Contributions attendues
Dans ce contexte, les contributions attendues pourront s’orienter vers divers axes qui ne sont en rien exclusifs à d’autres aspects :
- Enjeux pédagogiques : Développement d’une pédagogie différente orientée vers la découverte et la pratique – Imaginaire de l’ailleurs – Le déplacement comme espace-temps éducatif – Pédagogie du plein air – Liens enfants-enseignants – apprentissages sociaux liés à la vie quotidienne commune et à la rencontre d’autres milieux –…
- Enjeux sociaux : Mixité – Confrontation des manières de vivre – Métiers – Approche intersectionnelle des inégalités dans cette socialisation au voyage (qu’elle soit de classe, de race ou de genre ou encore liées aux handicaps) –…

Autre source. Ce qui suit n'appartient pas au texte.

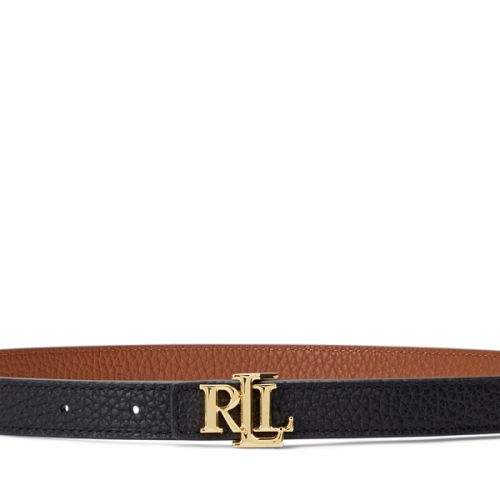 폴로 랄프로렌 Logo Reversible Leather Skinny Belt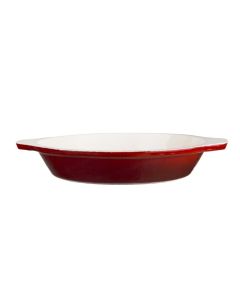 Vogue ronde gietijzeren gratineerschaal rood 0,4L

- Enjeux touristiques : Contribution des classes transplantées au développement touristique local – Éducation au voyage et à l’altérité – Retour d’enfants et d’adultes sur les lieux de classes –…
- Enjeux politiques : Développement territorial – Effet d’entraînement sur des territoires périphériques comme la montagne et certains littoraux –…
Échéancier prévisionnel
– 15 janvier 2021 : Envoi des textes d’intention (1 page présentant un titre, un résumé, des mots-clés, une courte bibliographie) aux coordonnateurs du numéro.
– 15 février 2021 : Retour des avis des coordonnateurs du numéro vers les auteurs au sujet de leurs textes d’intention.
– Mai 2021 : Retour des premières versions des articles finalisés (voir normes de rédaction).
– Juin à septembre 2021 : expertises et navettes entre coordonnateurs et auteurs.
– Octobre 2021 : envoi des textes à la revue pour expertises.
– Janvier 2022 : retour des expertises par la revue.
– Avril 2022 : reprise des textes par les auteurs et validation.
– Avril-Juin 2022 : publication du numéro.